CHICAGO | Activists representing the industrial neighborhoods that comprise the city's Southeast Side are trying to persuade Mayor Rahm Emanuel to back their interests in opposition to a pair of plants that wish to locate within the 10th Ward.
Those activists don't like the idea of a coal-to-natural gas plant that Leucadia National Corp. wants to build at 116th Street and Avenue O. They also are opposed to a cement plant to be built by Ozinga and Universal Cement Co. at 117th Street and Torrence Avenue.
To that end, the activists on Thursday put together what they were calling "video petitions," giving people a chance to have their pictures taken holding up signs with slogans such as, "Mayor Emanuel, I have the right to clean, healthy jobs" and "I want to breathe clean air."
Ari Rubinstein, an activist with the Sierra Club who has been working with Southeast Side neighborhood activists, said the group hopes to get about 150 people to participate in their project, with the results eventually sent to Emanuel, whose aides on Thursday declined to comment about the issue.
"These are the faces of the people in the community that we want him to see," Rubinstein said. "We want to ask the mayor to stand up with us."
Pictures of people were collected during the day Thursday at The Zone, 11731 S. Avenue O, and in the evening at the East Side United Methodist Church, 11000 Ewing Ave.
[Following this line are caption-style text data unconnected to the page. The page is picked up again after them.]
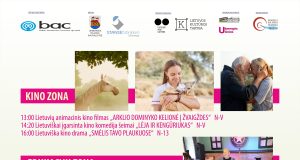 Dienos festivalis „Vasara buvo vakar…“ grįžta – su kinu, perkusijomis, muzika, edukacijomis, atrakcionais ir koncertine programa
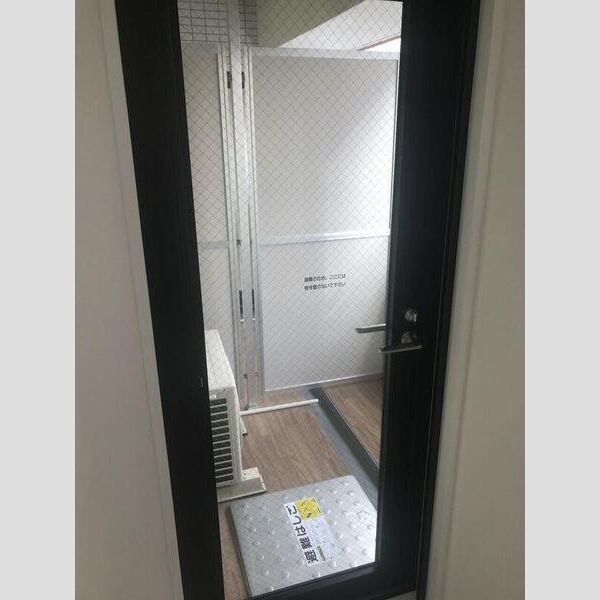 S-RESIDENCE日本橋浜町 トイレ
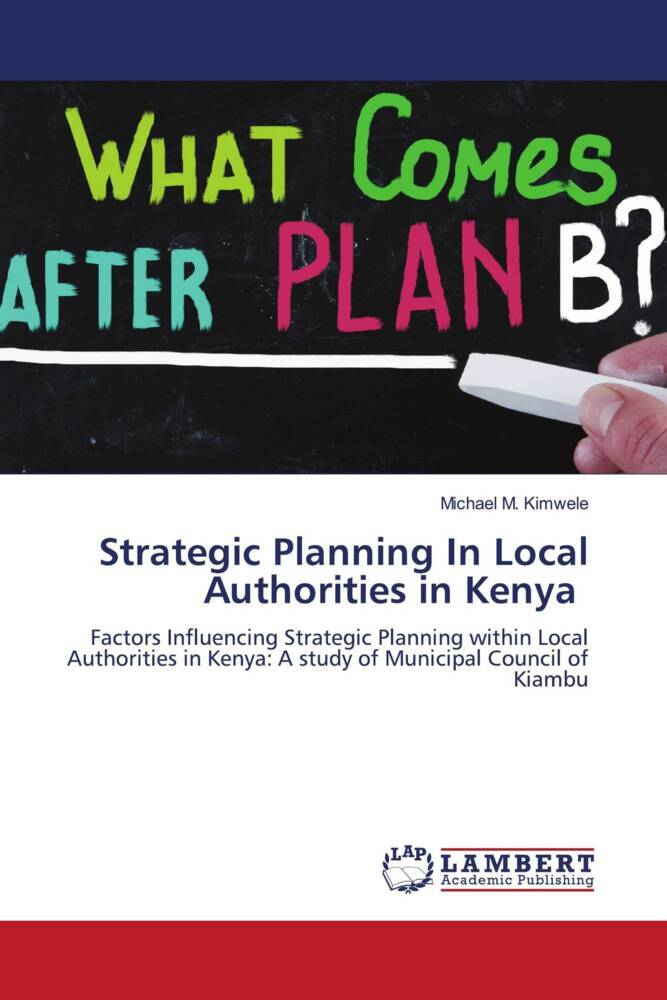Strategic Planning In Local Authorities in Kenya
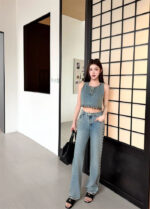 CHANEL 샤넬 바지 60415075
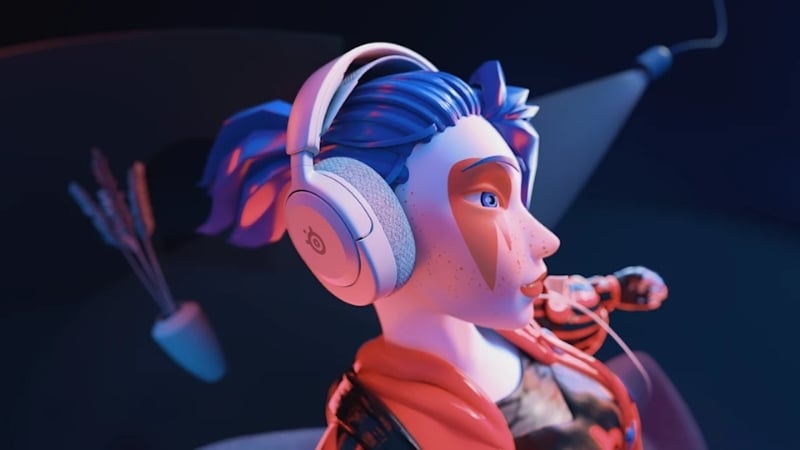 Tai nghe SteelSeries Arctis Nova 1 White tương thích với nhiều nền tảng phổ biến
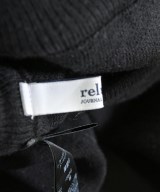 JOURNAL STANDARD relume（ジャーナルスタンダードレリューム）スウェットパンツ 黒 サイズ:F レディース/2200669802108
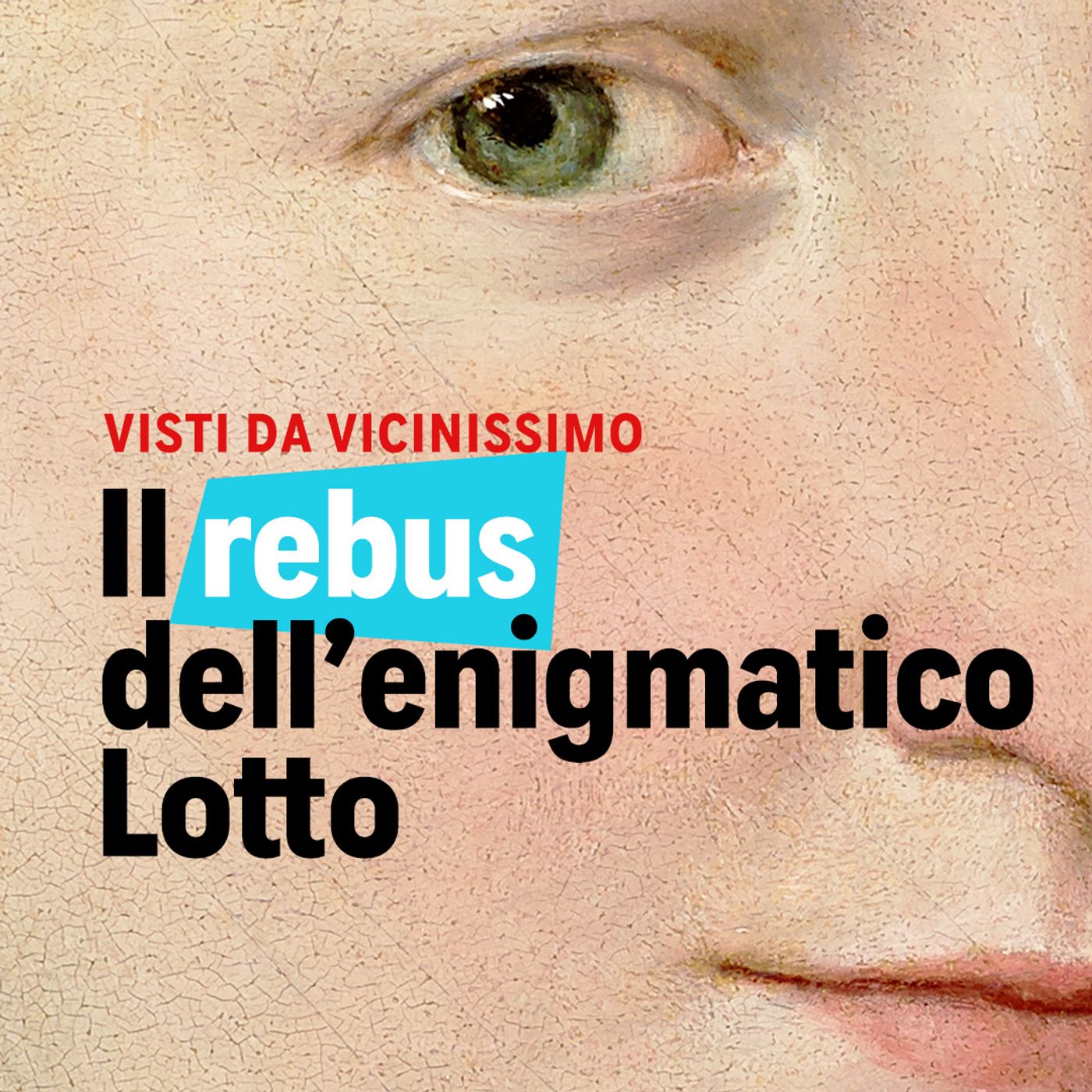 Il ritratto di Lucina Brembati del Lotto: un vero e proprio rebus alla Carrara episode artwork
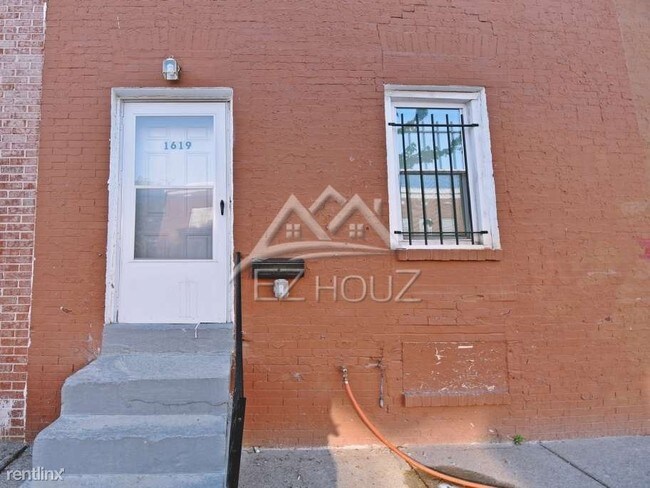 Building Photo - 3 br, 2 bath  - 1619 Aisquith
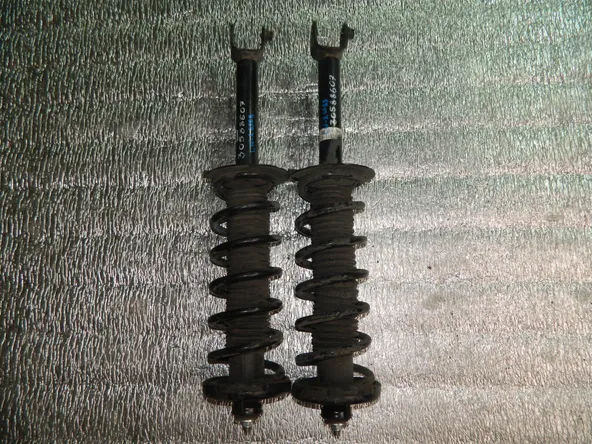 Стойка подвески HONDA ACCORD CW2 Перед (пара) (Контрактный) 30588607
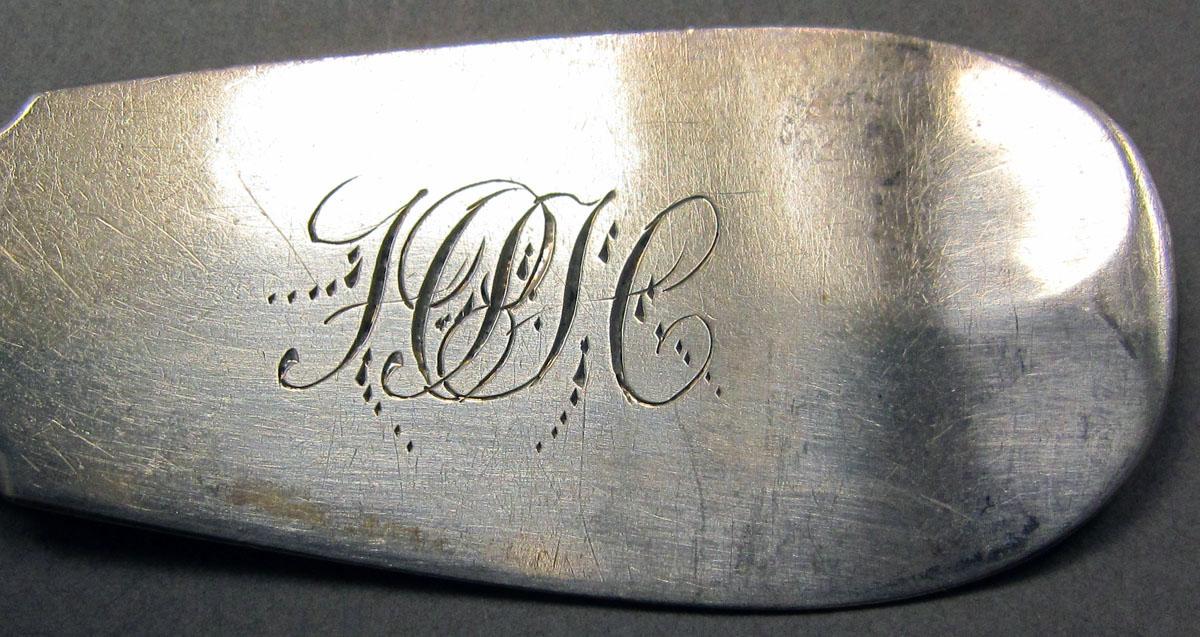2004.0066.002 teaspoon engraving
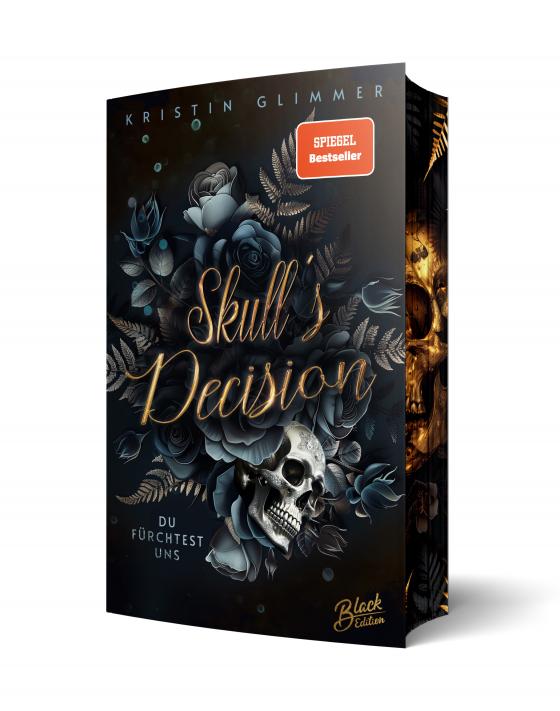 Cover-Bild Skull's Decision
The Zone is a community center affiliated with the Methodist church that was chosen for its location across the street from the proposed site of the Leucadia coal-to-gas plant.
Cheryl Johnson, of the People for Community Recovery group, said she hopes activists can persuade city officials to support their opposition view to the plants, which have the support of 10th Ward Alderman John Pope, who cites the thousands of jobs that would be created as a result.
Aides to Pope on Thursday reiterated that 1,100 jobs would be created to construct the coal gasification plant alone, with hundreds more for the cement plant. "It's jobs, and it's clean," said one aldermanic aide.
But for Johnson, that is not good enough.
"Pollution has no boundaries," she said, explaining that pollutants emitted in the 10th Ward could spread throughout the city. "It behooves him to come up with an ordinance that would restrict this."
Meanwhile, Rosa Perea, of the South Chicago neighborhood-based Juan Diego Community Center, said she wants to change the perception of city officials who think the 10th Ward is purely industrial.
"I'm so sick and tired of people who think South Chicago is like a dumping site for the city," she said.